Corto Maltese: Le Elevetiche Rosa Alchemica - Hugo Pratt

We're more used to see Corto Maltese deal with mysticism in the context of African or Asian ceremonies and dark voodoo rituals. There's another stream of European mysticism to be found in (of all places) Switzerland in Le Elevetiche Rosa Alchemica. The manner in which Corto is drawn into this world is very much like that of a hallucinogenic trip, and it's a very trippy experience that takes up the majority of the album.

Corto accompanies old friend Professor Jeremiah Steiner to Montagnola in the canton of Tessin, Switzerland. He's as interested as Steiner in a conference being held by Herman Hesse on esoterica and alchemy.
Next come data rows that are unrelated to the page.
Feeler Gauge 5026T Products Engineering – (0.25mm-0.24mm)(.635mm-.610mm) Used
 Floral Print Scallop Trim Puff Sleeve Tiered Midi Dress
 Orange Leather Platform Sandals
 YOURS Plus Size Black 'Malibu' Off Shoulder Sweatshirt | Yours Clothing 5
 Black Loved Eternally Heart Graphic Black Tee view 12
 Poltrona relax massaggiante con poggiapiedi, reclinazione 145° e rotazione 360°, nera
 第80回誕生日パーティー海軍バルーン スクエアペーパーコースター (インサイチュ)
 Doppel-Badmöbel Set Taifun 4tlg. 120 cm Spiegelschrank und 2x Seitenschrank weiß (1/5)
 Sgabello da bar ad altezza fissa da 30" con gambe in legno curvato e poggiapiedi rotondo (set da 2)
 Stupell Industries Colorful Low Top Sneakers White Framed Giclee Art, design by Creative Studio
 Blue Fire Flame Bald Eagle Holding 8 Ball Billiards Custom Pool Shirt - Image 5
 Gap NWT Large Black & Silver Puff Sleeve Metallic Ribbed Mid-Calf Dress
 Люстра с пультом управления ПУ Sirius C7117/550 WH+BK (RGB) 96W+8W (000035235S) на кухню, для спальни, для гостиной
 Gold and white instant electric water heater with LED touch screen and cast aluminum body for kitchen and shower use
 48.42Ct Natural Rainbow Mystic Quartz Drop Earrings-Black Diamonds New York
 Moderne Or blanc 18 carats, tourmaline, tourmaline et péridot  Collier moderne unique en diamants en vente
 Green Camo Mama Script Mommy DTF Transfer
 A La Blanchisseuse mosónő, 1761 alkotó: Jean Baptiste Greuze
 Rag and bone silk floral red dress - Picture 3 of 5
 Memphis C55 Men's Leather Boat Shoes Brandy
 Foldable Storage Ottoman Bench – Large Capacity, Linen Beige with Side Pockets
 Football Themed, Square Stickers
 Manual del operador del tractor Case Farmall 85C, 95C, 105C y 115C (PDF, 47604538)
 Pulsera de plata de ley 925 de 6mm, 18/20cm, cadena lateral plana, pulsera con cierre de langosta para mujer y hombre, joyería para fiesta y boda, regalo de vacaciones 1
Arriving at their destination, they are met by a strange ambiguous figure of indeterminate age, who looks 10 but claims to be either 4 or 730, who introduces themselves as Klingsor or Hermann Hesse. They are in a strange place all right, but it's about to get even stranger. Soon Corto is conversing with images of medieval sages on the wall about Swiss mages and the history of Klingsor, Parsifal and the flowermaidens from von Eschenbach to Wagner.

In another dream state in the aptly named Pensione Morfeo, Corto encounters a scarecrow in a field of sunflowers and is tasked with finding La Rosa del Peccato the Rose of Thuringia, the Alchemical Rose. As a Parsifal figure he encounters Kundry, Death and converses with ravens here rather than the more typical seagulls of a Corto Maltese 'experience'. He meets an ogre who is to be the dreamt monster of King Kong, dancing skeletons and medieval demons, all the while seeking entrance to a castle in search of the Holy Grail, the key to mythology and divinity known as the Alchemical Rose. He even faces an infernal trial that includes Joan of Arc, Cain, Judas Iscariot, Dick Turpin and his old enemy Rasputin on the jury.


As Klingsor observes, what had started as a magic fable full of spiritual beauty and knightly heroism has been lost to a vulgar exchange between Corto and a gorilla. That just about sets the tone of this adventure, as is often the case in Pratt's world of Corto Maltese, blending esoterica, the arcane, voodoo rituals, Asian mysticism, secret societies, romance, war, history and mythology with romance and adventure, slipping here into hallucinogenic absurdity with some tongue-in-cheek humour. Pratt also clearly enjoys the freedom to  depict this strange dream environment, the art having a certain looseness, presenting the dream reality not as something grand and imposing, but fluid and understated.


Reading notes:  Le Elevetiche Rosa Alchemica by Hugo Pratt (1980). Original black and white edition, Italian language published by Rizzoli-Lezard. Read from Kindle eBook edition.